- **What you need to do**
Reproduce only this part of the listing: the line with "this 400×600 image.", plus every line after it through the last.

- **Records for the exercise**
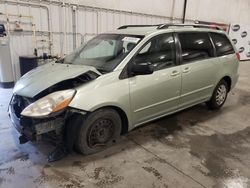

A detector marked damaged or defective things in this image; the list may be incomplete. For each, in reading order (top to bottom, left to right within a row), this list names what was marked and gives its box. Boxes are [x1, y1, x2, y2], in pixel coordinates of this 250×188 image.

crumpled hood [13, 62, 100, 98]
damaged front bumper [8, 94, 65, 143]
broken headlight [21, 89, 75, 117]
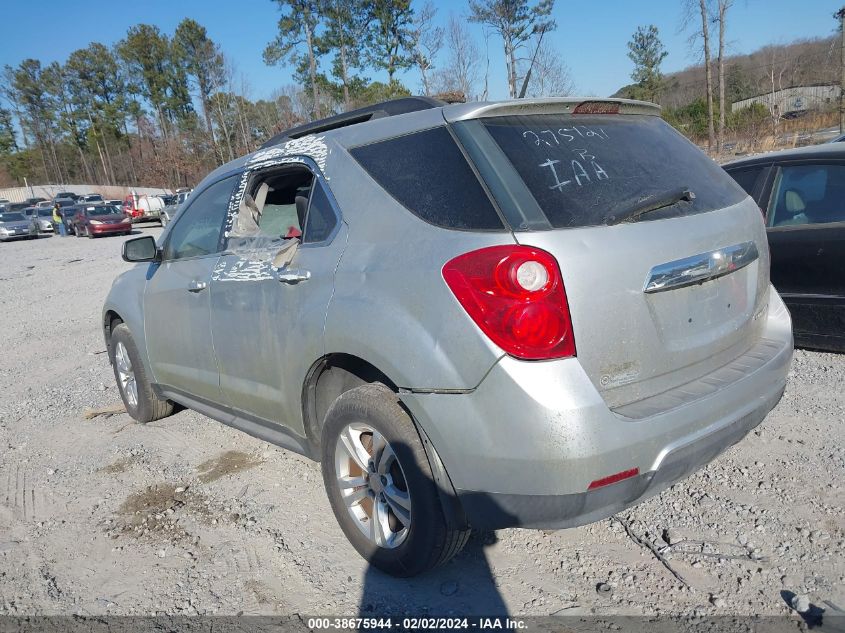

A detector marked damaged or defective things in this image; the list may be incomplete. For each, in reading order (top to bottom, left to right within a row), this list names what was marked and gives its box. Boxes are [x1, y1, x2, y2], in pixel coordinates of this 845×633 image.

damaged rear window [478, 115, 740, 228]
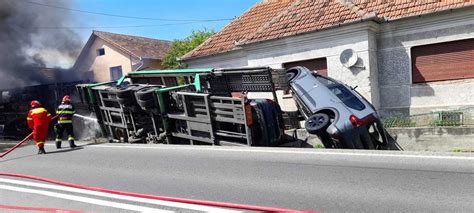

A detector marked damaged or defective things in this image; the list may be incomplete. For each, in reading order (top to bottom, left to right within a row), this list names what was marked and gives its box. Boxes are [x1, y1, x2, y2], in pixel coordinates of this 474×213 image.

overturned truck [77, 67, 388, 149]
damaged vehicle [286, 65, 386, 149]
overturned car [286, 65, 386, 149]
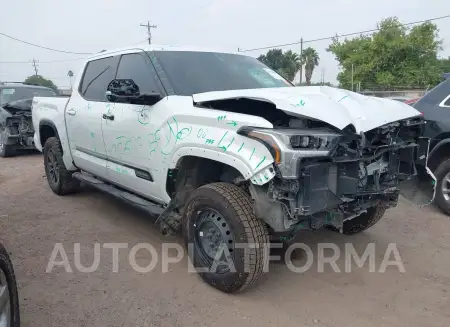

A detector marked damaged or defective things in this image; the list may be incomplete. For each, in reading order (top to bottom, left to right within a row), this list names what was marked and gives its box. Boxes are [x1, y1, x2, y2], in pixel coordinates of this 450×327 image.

damaged front end [244, 116, 434, 237]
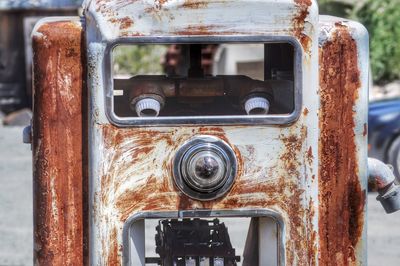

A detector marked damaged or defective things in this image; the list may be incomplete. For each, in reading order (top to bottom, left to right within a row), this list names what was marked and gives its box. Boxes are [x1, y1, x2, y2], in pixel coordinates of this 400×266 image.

orange rust patch [32, 20, 84, 266]
rusted metal surface [32, 18, 85, 264]
rust stain [32, 20, 85, 264]
vertical rusted post [32, 19, 85, 266]
rust stain [318, 23, 366, 264]
orange rust patch [318, 23, 366, 264]
rusted metal surface [318, 21, 368, 264]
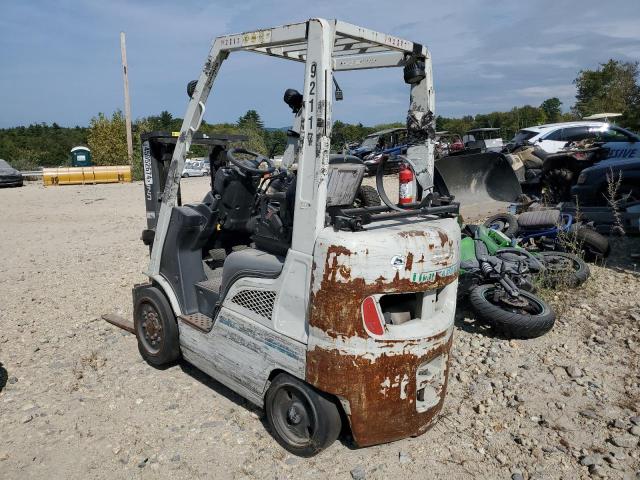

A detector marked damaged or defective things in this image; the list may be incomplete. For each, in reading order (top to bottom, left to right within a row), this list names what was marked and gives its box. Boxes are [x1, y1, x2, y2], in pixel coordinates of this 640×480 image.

rust patch [306, 336, 452, 444]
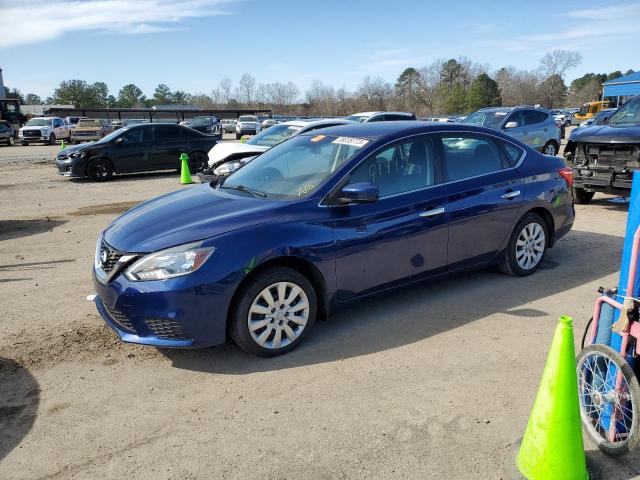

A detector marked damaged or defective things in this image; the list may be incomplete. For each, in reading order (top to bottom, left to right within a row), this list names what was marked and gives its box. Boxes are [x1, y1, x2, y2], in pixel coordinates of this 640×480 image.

damaged suv [564, 96, 640, 203]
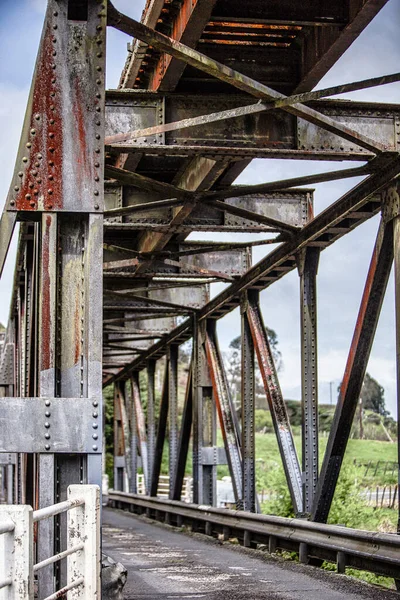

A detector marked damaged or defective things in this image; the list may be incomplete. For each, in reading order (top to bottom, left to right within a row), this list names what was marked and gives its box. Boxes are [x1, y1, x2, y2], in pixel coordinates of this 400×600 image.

rust stain [14, 19, 63, 211]
rusty steel beam [106, 3, 384, 154]
rusty steel beam [245, 292, 302, 512]
rusty steel beam [312, 218, 394, 524]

- **Exercise result**
A detector marked damaged or defective things in this image; the list may be incomplete. For each, in reading order (top to bottom, left to right within a row), this list names what was marked and gives its box. Boxes are [x1, y1, x2, y2], in pixel coordinates of this 400×600 image.

rust stain [14, 19, 63, 211]
rusty steel beam [106, 3, 384, 154]
rusty steel beam [245, 292, 302, 512]
rusty steel beam [312, 218, 394, 524]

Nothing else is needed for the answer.